## Aim of the task
The lines to copy are those in the listing below that contain the word "Used".

## Available data
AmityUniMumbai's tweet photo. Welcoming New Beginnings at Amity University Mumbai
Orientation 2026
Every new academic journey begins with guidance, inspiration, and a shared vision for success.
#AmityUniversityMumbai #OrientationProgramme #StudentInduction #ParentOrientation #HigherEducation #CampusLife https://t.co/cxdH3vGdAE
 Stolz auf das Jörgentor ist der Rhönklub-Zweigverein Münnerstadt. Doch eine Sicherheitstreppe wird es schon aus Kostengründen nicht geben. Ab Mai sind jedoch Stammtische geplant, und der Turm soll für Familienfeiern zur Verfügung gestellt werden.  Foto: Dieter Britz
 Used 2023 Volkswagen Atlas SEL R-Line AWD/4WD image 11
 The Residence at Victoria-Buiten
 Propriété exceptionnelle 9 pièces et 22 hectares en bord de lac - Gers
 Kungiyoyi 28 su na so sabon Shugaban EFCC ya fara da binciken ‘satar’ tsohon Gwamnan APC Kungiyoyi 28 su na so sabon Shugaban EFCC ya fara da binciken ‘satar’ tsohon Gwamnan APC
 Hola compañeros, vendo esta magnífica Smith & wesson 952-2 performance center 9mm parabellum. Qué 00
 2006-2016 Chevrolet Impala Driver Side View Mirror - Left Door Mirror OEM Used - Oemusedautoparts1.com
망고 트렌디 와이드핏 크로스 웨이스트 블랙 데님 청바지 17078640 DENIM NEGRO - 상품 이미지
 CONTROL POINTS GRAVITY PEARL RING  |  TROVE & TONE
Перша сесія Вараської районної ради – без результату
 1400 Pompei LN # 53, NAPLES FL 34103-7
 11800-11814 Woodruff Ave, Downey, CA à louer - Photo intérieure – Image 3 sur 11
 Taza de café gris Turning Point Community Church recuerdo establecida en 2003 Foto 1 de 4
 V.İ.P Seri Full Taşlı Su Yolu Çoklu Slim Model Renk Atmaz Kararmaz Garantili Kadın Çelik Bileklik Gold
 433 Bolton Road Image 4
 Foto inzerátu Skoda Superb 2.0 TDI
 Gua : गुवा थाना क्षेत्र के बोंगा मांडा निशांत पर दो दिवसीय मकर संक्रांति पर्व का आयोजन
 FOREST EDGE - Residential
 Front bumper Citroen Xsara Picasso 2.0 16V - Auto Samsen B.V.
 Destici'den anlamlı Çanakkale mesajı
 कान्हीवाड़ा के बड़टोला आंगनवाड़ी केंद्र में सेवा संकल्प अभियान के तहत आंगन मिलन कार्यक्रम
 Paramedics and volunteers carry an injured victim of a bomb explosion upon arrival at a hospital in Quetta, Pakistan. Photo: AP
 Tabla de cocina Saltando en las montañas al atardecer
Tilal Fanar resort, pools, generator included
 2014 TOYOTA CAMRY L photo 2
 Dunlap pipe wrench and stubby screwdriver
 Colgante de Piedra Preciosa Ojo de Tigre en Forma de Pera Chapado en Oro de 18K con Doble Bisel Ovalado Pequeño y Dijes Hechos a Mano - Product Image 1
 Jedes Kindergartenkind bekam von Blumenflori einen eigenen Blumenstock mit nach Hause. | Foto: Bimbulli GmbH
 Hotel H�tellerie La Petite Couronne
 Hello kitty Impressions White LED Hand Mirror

## Exercise output
 Used 2023 Volkswagen Atlas SEL R-Line AWD/4WD image 11
 2006-2016 Chevrolet Impala Driver Side View Mirror - Left Door Mirror OEM Used - Oemusedautoparts1.com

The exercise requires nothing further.